Short descriptive text snippets
────────────────────

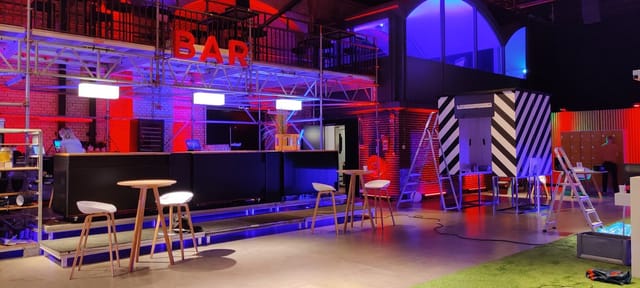 Industrial event space with tiered scaffolding for networking mixers and brand activations.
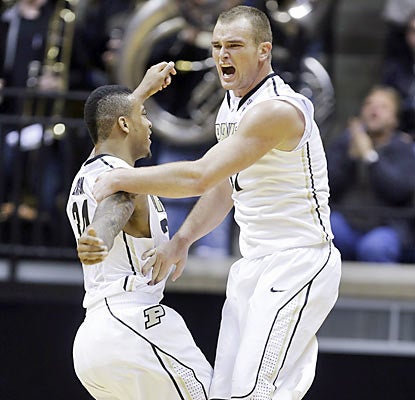 D.J. Byrd (right) scores nine of his 15 points during a crucial Purdue run in the second half. (AP)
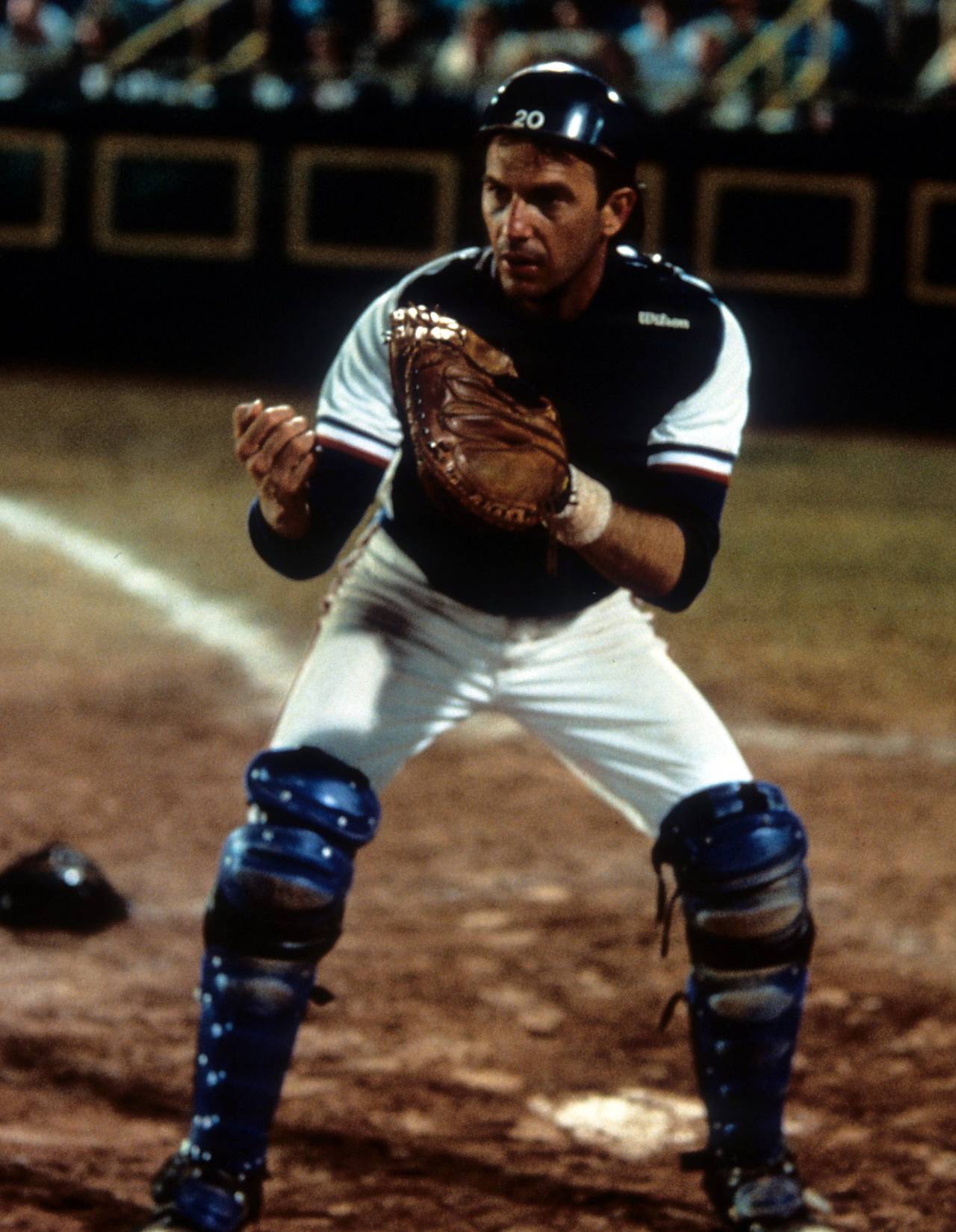 Kevin Costner plays catcher on a baseball team in a scene from the film <i>Bull Durham</i>, 1988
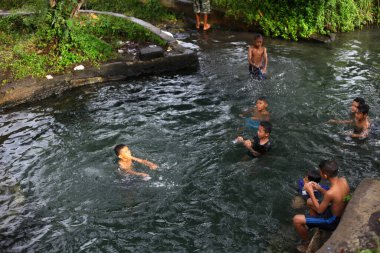 Yogyakarta, Endonezya - 28 Mayıs 2020: Çocuklar çok eğlenceli bir nehirde su oynayıp yüzüyorlar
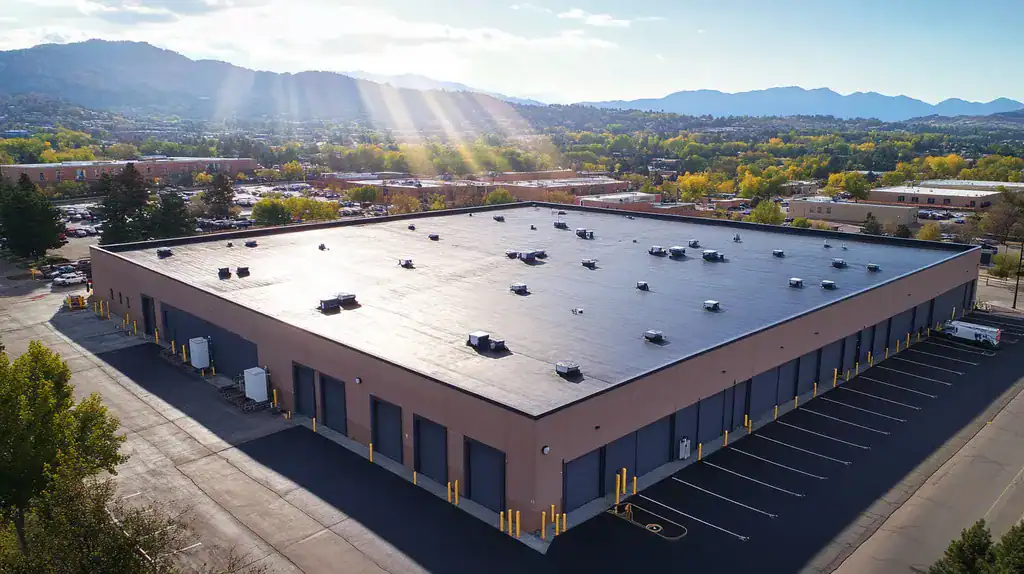A commercial roof on a warehouse in a location similar to Boulder with a light beams aesthetic (AI image)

────────────────────

* [What this task involves] Please copy the data above word for word, but only from the line that contains "Yogyakarta, Endonezya - 28" through the final line, both included, and without the pictures.

* [Answer to the problem]
 Yogyakarta, Endonezya - 28 Mayıs 2020: Çocuklar çok eğlenceli bir nehirde su oynayıp yüzüyorlar
A commercial roof on a warehouse in a location similar to Boulder with a light beams aesthetic (AI image)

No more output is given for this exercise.